*** Begin section ***

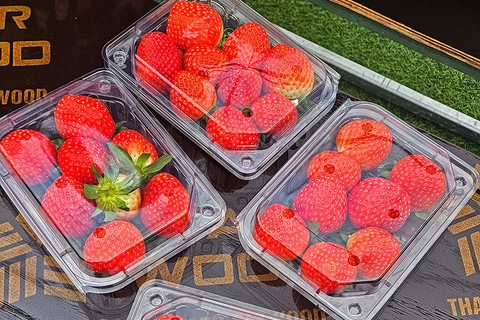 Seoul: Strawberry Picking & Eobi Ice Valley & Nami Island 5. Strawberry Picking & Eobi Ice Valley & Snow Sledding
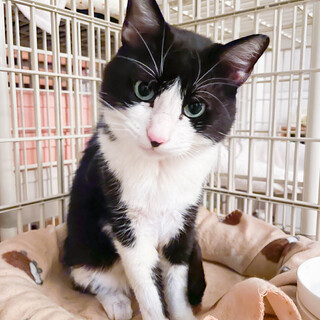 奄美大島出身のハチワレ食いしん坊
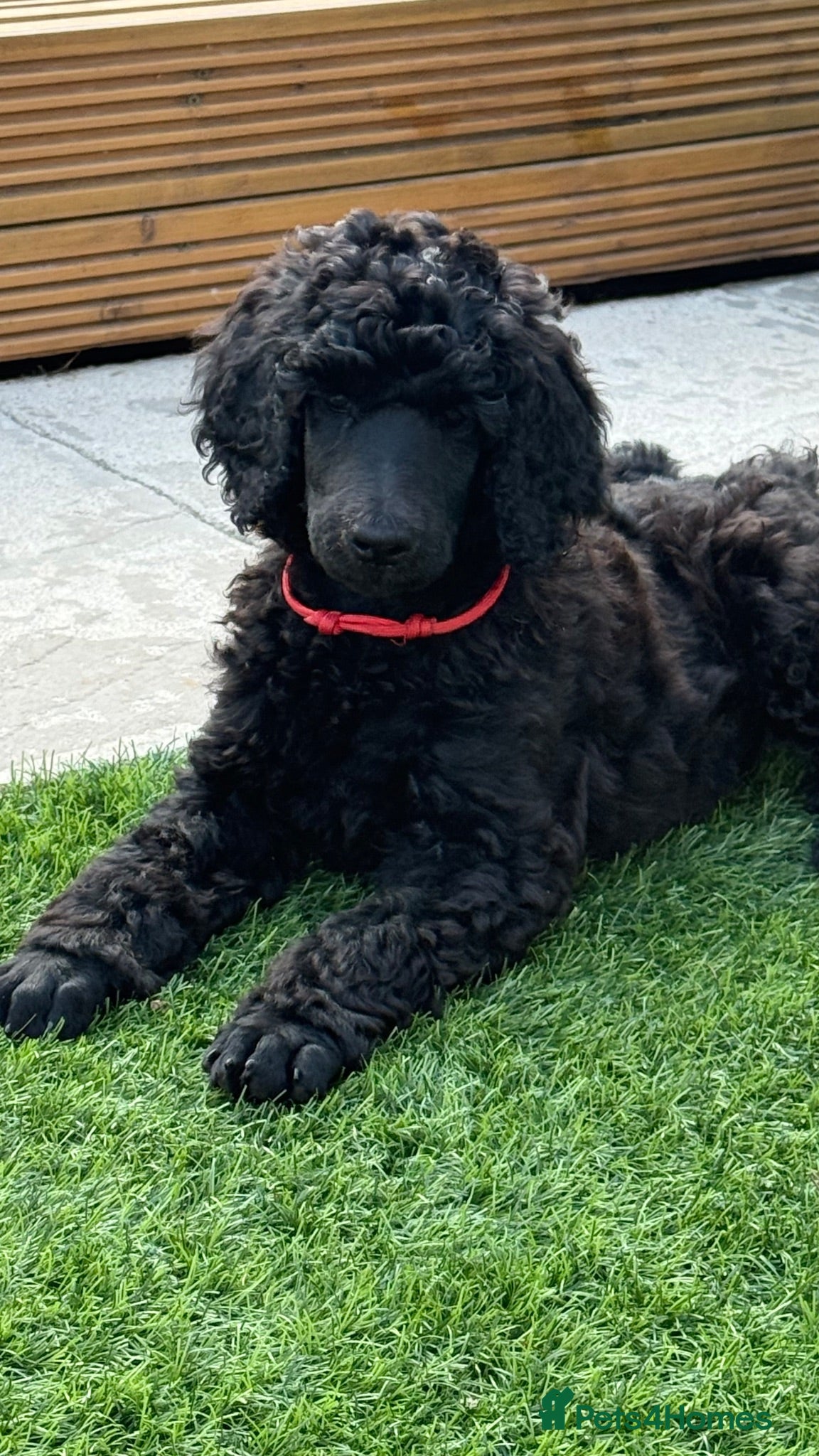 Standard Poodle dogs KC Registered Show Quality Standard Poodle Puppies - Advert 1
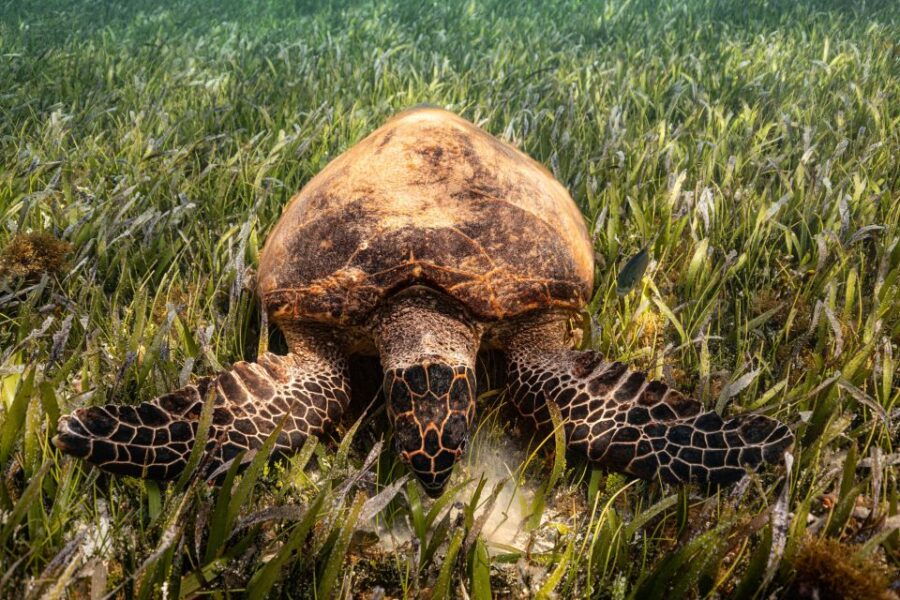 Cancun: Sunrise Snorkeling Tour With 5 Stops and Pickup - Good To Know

*** End section ***

Task goal: Take the line with "Standard Poodle dogs" and each line after it through the end of the material above, and reproduce them exactly, both ends included, without pictures.

Response to this exercise:
 Standard Poodle dogs KC Registered Show Quality Standard Poodle Puppies - Advert 1
 Cancun: Sunrise Snorkeling Tour With 5 Stops and Pickup - Good To Know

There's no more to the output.